> **Action item**:
Please set down each entry exactly, omitting any picture it holds.

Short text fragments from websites
====
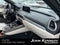 2022 Mazda Mazda CX-9 Signature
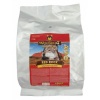 Wolfsblut Dog Red Rock - kangur i bataty 2kg - obrazek 2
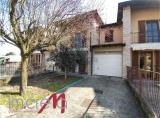 Casa, RIPALTA CREMASCA, 240.000 €, 210,00 mq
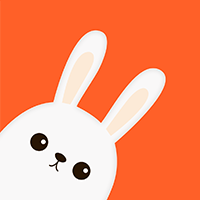 幸运兔app v0.0.14 安卓版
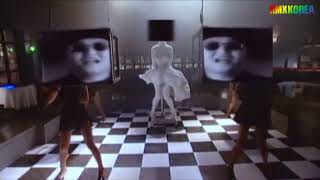 싸이(PSY) - 새(BIRD) [M/V Remix]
====
> **Response to the exercise**:
 2022 Mazda Mazda CX-9 Signature
 Wolfsblut Dog Red Rock - kangur i bataty 2kg - obrazek 2
 Casa, RIPALTA CREMASCA, 240.000 €, 210,00 mq
 幸运兔app v0.0.14 安卓版
 싸이(PSY) - 새(BIRD) [M/V Remix]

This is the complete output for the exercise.